However you cut it, the M135i offers a huge amount of bang per buck. BMW launched it under the £30k barrier. And although the company has since, unsportingly, stuck another £560 on the price, that still means a three-door manual like the one you see here costs £30,555 before haggling. This for a car with a turbocharged six-cylinder engine, 316bhp, a 5.1sec 0-62mph time and the promise bestowed by that discreet ‘M’ badge. What’s not to love?
Put it another way - how hard has it become for even the most silver-tongued VW sales operative to get anyone to sign up for a Scirocco R? The top-spec version of Volkswagen’s coupe-hatch has always sold slowly in the UK, but the M135i makes it look silly. With a four-cylinder turbo four, front-wheel drive, 261bhp and a 6.0sec 0-62mph time, it loses on every Top Trumps category. Yet it costs £31,135 – or £32,535 with DSG, as on our test car.
Not that every argument can be reduced to money, of course. Which is why the M135i must also meet and beat our resident hatchback champion – the Renaultsport Mégane. A bit of spec-shuffling last year led to the ‘standard’ RS being promoted to the spec of the former Trophy model, meaning 261bhp from the familiar 2-litre turbo four. And, if you’re prepared to forego the toys and sample it in basic ‘Cup’ form, it’s yours for £25,245. Bargain.

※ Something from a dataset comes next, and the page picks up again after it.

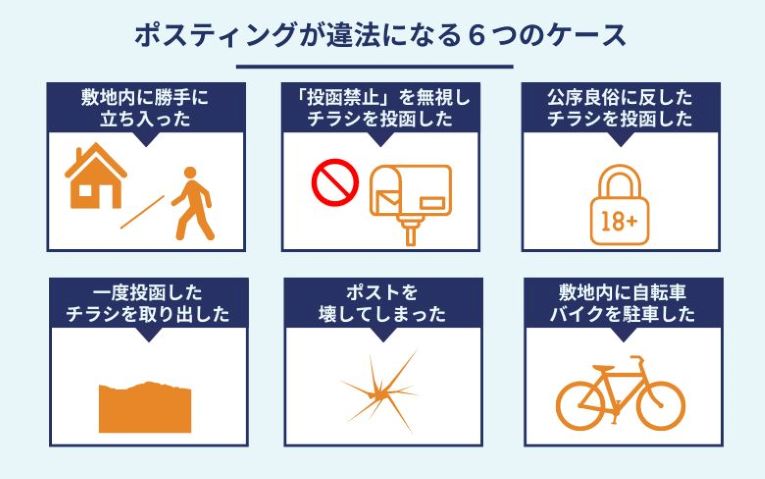 ポスティングが違法になる3つのケース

That leaves the wildcard, the Focus ST. Or, more precisely, an ST with a difference, and not just that of a blue-and-white paint job that makes it look like a 1980s British Gas van. Ford has chosen to pitch the ST at the cheaper end of the segment, meaning it’s below these rivals on both price and power. And with Ford yet to decide whether or not to do an RS version, we’ve opted for a rival from left-field – this ‘Stage One’ tuned version from renowned Ford-fettlers Superchips. A sports exhaust and a mild remap boost it from the standard car’s 247bhp to 292; the rest of the car is unchanged. The mods cost £1414, and even added to a new ST this is still the cheapest car here, at £23,409 all in.
FOR THIS STORY, we’ve picked a very appropriate playground – the quiet corner of the map where Berkshire, Oxfordshire and Wiltshire collide. A perfect mix of fast and sweeping with tight and cresty makes this one of the best places I’ve found to put a wannabe hot hatch through its paces. And, with Henry Catchpole on hand to lend his critical opinion, we know the test will be suitably testing.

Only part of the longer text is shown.